▼

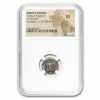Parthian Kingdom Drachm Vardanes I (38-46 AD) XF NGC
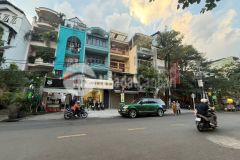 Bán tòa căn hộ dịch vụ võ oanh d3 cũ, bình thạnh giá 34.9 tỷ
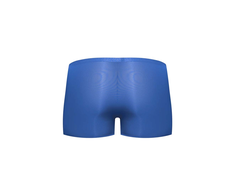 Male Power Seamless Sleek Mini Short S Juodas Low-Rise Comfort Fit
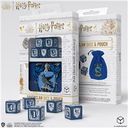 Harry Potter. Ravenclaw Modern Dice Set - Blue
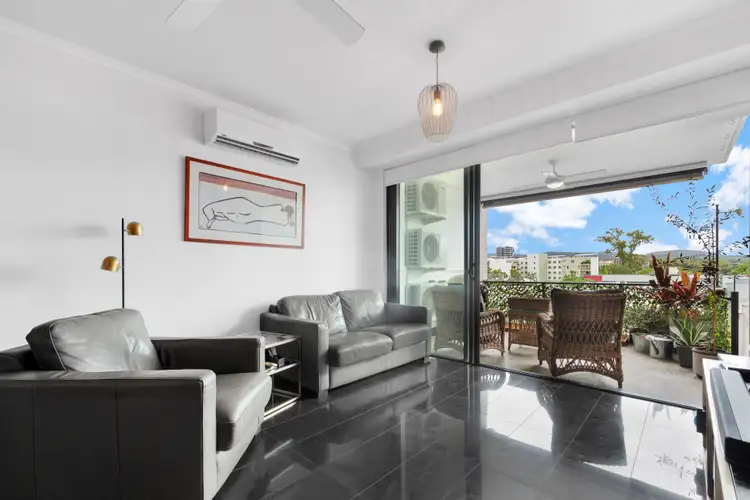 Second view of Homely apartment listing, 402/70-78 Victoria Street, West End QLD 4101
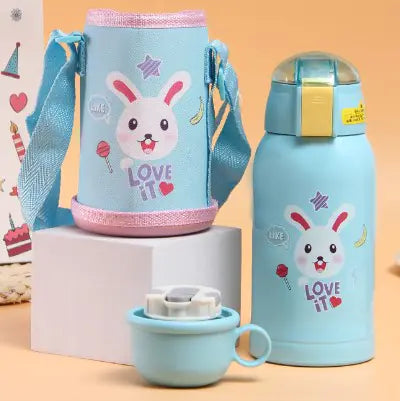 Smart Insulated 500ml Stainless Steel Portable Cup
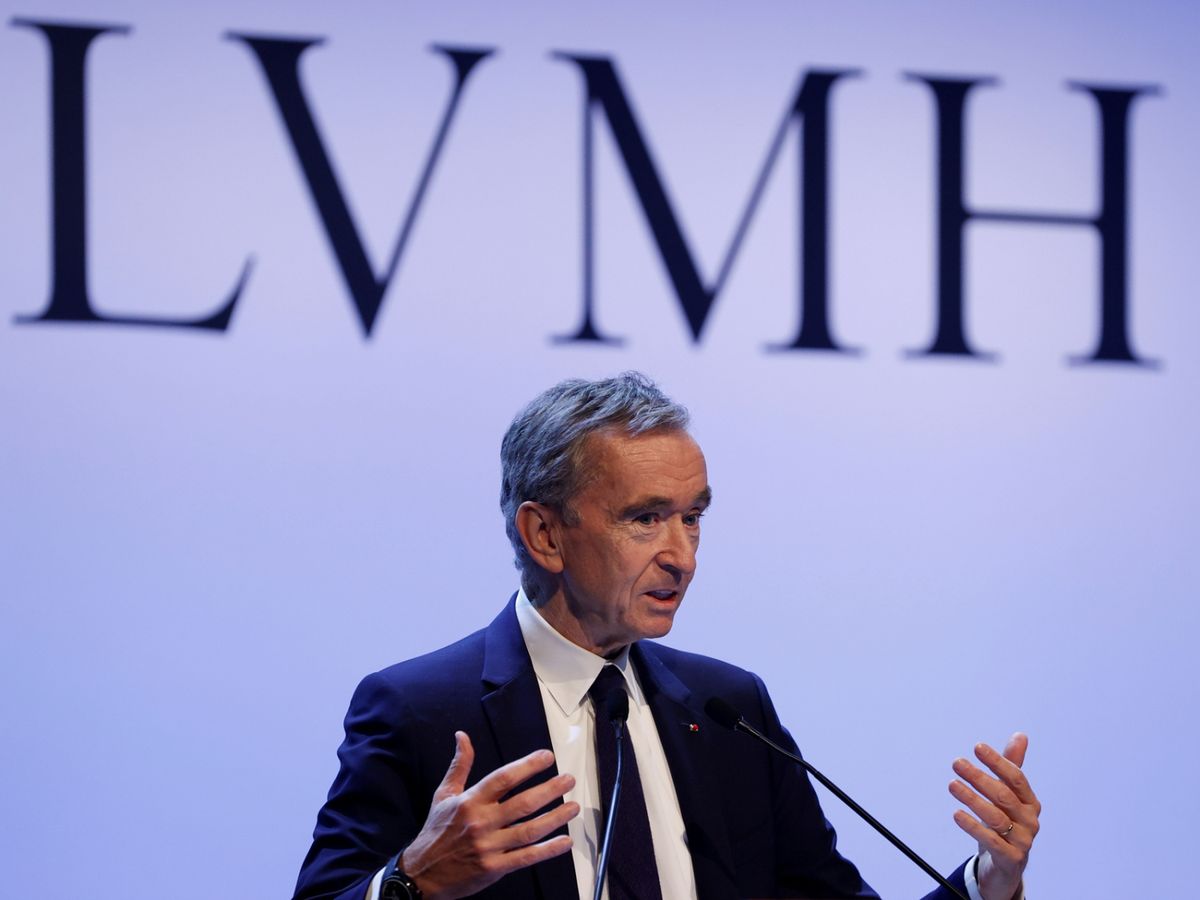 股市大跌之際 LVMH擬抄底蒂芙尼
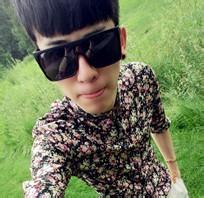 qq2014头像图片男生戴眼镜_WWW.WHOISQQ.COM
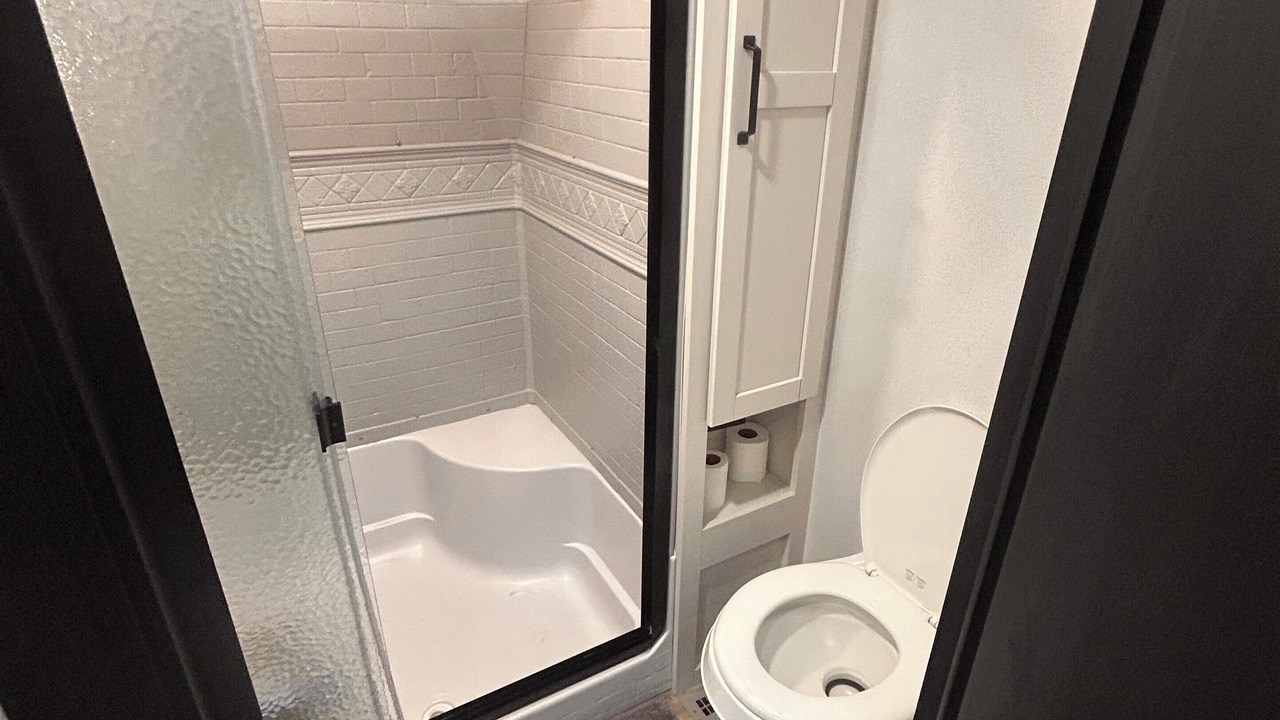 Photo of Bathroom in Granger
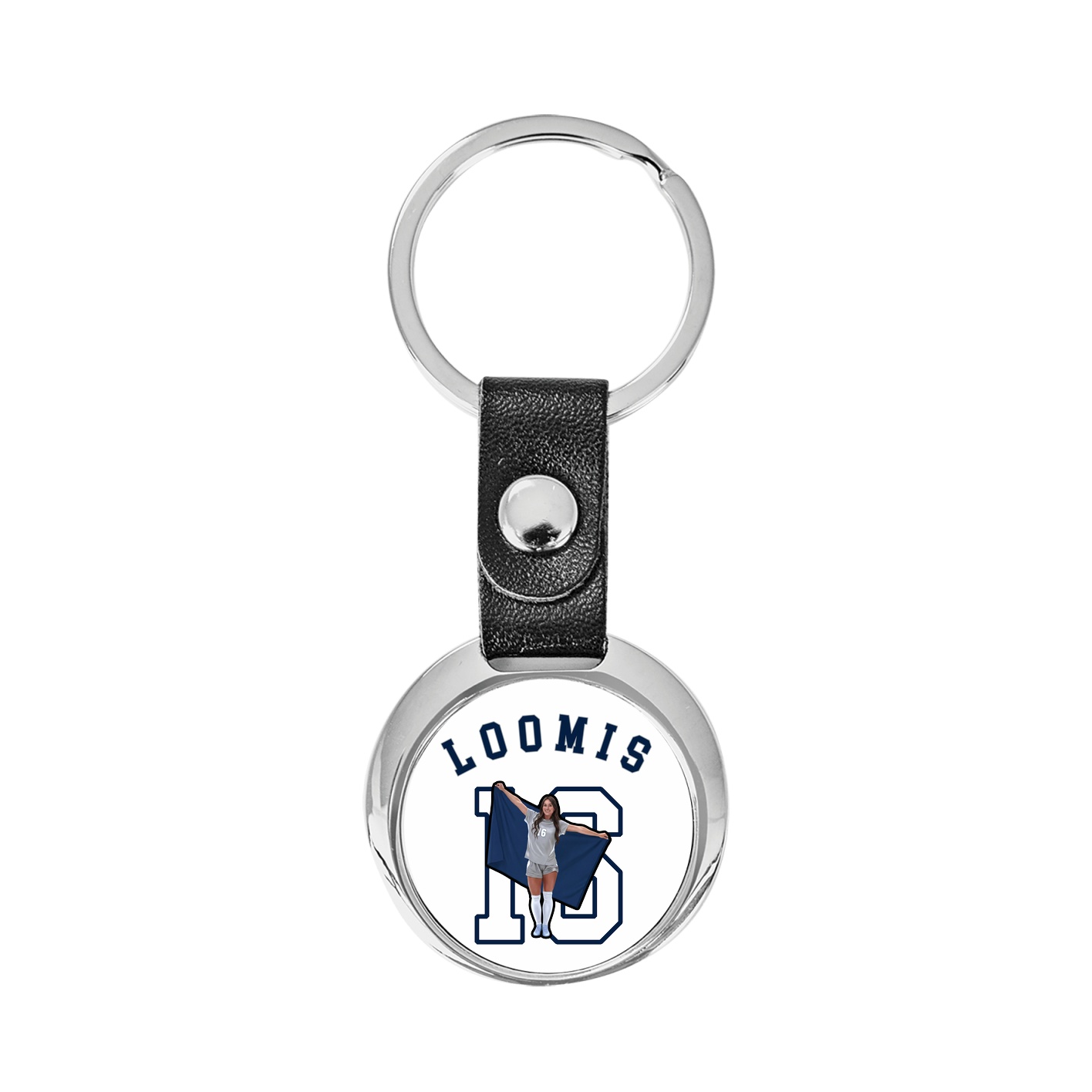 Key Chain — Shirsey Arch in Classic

▲

→ What is required
Transcribe all of the entries word for word, but skip any pictures they contain.

→ Task response
Parthian Kingdom Drachm Vardanes I (38-46 AD) XF NGC
 Bán tòa căn hộ dịch vụ võ oanh d3 cũ, bình thạnh giá 34.9 tỷ
 Male Power Seamless Sleek Mini Short S Juodas Low-Rise Comfort Fit
 Harry Potter. Ravenclaw Modern Dice Set - Blue
 Second view of Homely apartment listing, 402/70-78 Victoria Street, West End QLD 4101
 Smart Insulated 500ml Stainless Steel Portable Cup
 股市大跌之際 LVMH擬抄底蒂芙尼
 qq2014头像图片男生戴眼镜_WWW.WHOISQQ.COM
 Photo of Bathroom in Granger
 Key Chain — Shirsey Arch in Classic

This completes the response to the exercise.